Below are the records. Retype exactly the lines between the lines holding "3.4% ABV. Made" and "18+ only. Please", inclusive.

* [Data shown]:
--------------------------------------------------
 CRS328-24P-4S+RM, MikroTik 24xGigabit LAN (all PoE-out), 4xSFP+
--------------------------------------------------
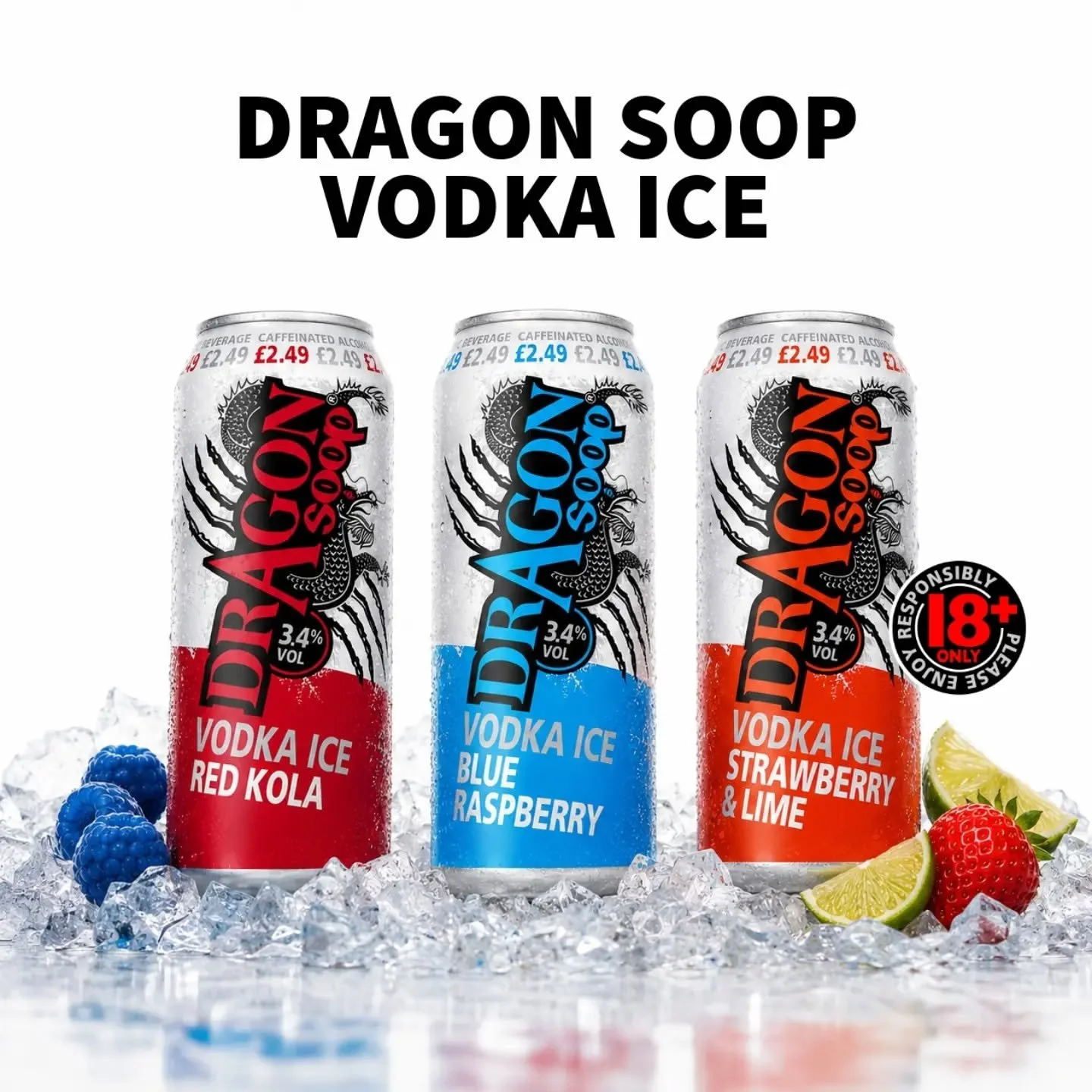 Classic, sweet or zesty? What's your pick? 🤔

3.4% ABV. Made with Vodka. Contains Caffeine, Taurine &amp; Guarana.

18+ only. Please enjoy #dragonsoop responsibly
--------------------------------------------------
* [Written answer]:
3.4% ABV. Made with Vodka. Contains Caffeine, Taurine &amp; Guarana.

18+ only. Please enjoy #dragonsoop responsibly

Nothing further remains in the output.